Los profetas, sin embargo, nunca se quedan en la sola lectura de hechos. La cólera no es la última palabra de la manifestación divina. El perdón se la lleva consigo siempre. Yahvé es rico en gracia y en fidelidad y siempre está dispuesto a dejar atrás sus amenazas siempre que Israel retorne al camino de la conversión. La paciencia divina para con los pecadores alcanzará incluso a las naciones paganas; como lo recuerda la historia de Jonás, la misericordia de Yahvé está abierta a todos los que hacen penitencia.

Pero Israel, en ese momento, no saca todas las consecuencias de esta revelación de Dios. Incluso el Israel más significativo, el de los pobres, es impaciente. Sin reparos de ninguna clase, los pobres de la antigua alianza claman por la venganza divina sobre sus enemigos-¡y Dios sabe si hay motivos para ello, desde los gentiles hasta sus conciudadanos mediocres!-y están preocupados de que tarde en manifestarse.

 

La paciencia de Jesús, encarnación de la paciencia divina

Jesús inaugura el Reino de los últimos tiempos.
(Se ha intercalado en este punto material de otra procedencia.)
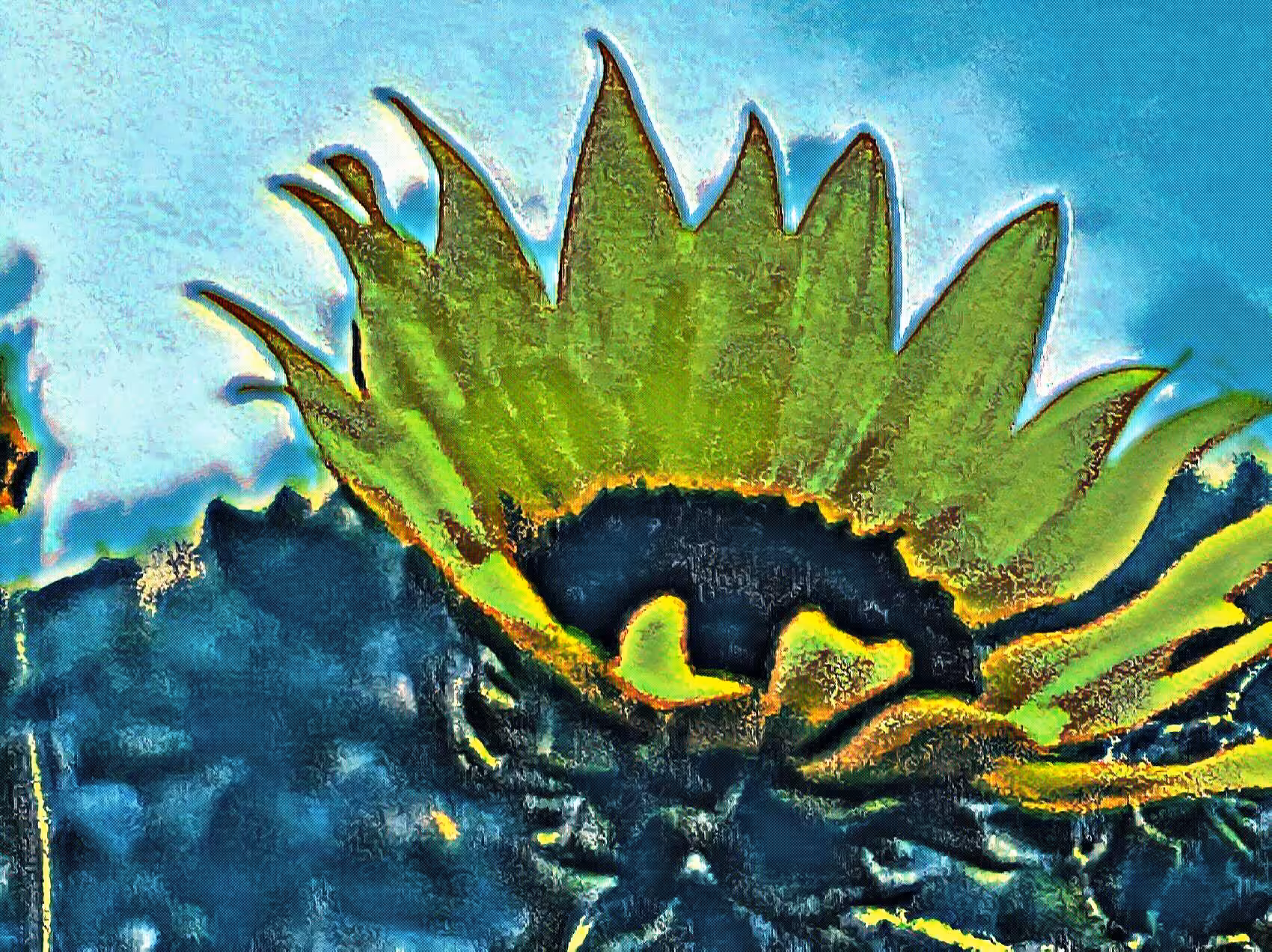 Sunflower Sonata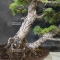 Pinus pentaphylla 13080182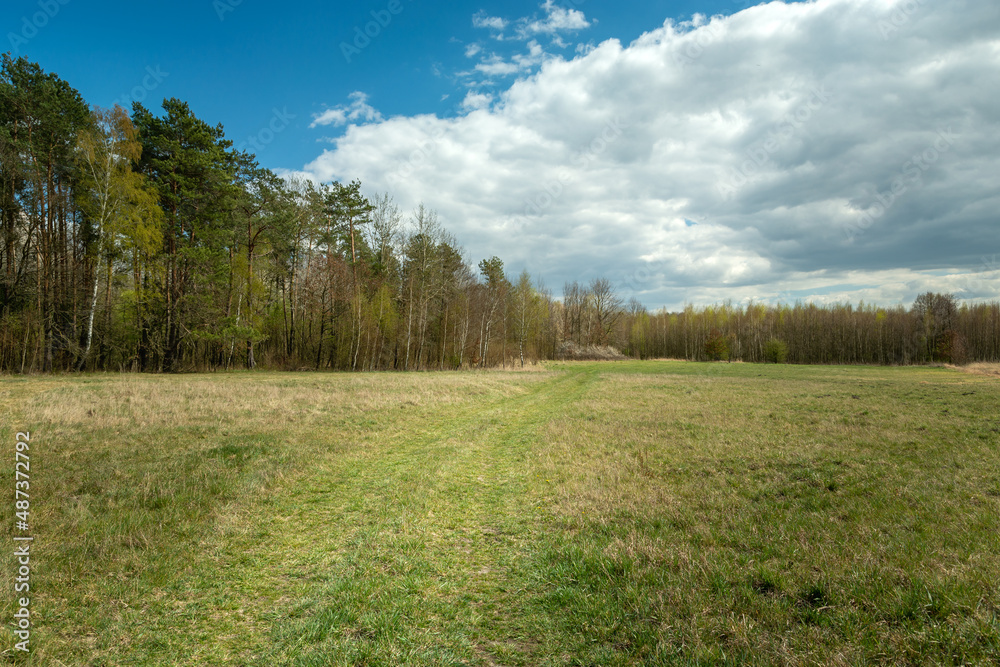 Path through meadow, forest and cloud on the sky, spring view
Pero, en vez de aparecer aparatosamente como el juez que establece una línea divisoria entre los buenos y los malos, se presenta como el pastor universal. Ha venido, ante todo, para los pecadores, e invita a todos a reconocerse como tales. A nadie excluye del Reino: todos están llamados a él, todos pueden entrar. Por su actitud a lo largo de su vida, Jesús encarna la paciencia divina para con los pecadores. Ningún pecado aparta al hombre del poder misericordioso dei Padre. La voluntad divina de perdón es ilimitada.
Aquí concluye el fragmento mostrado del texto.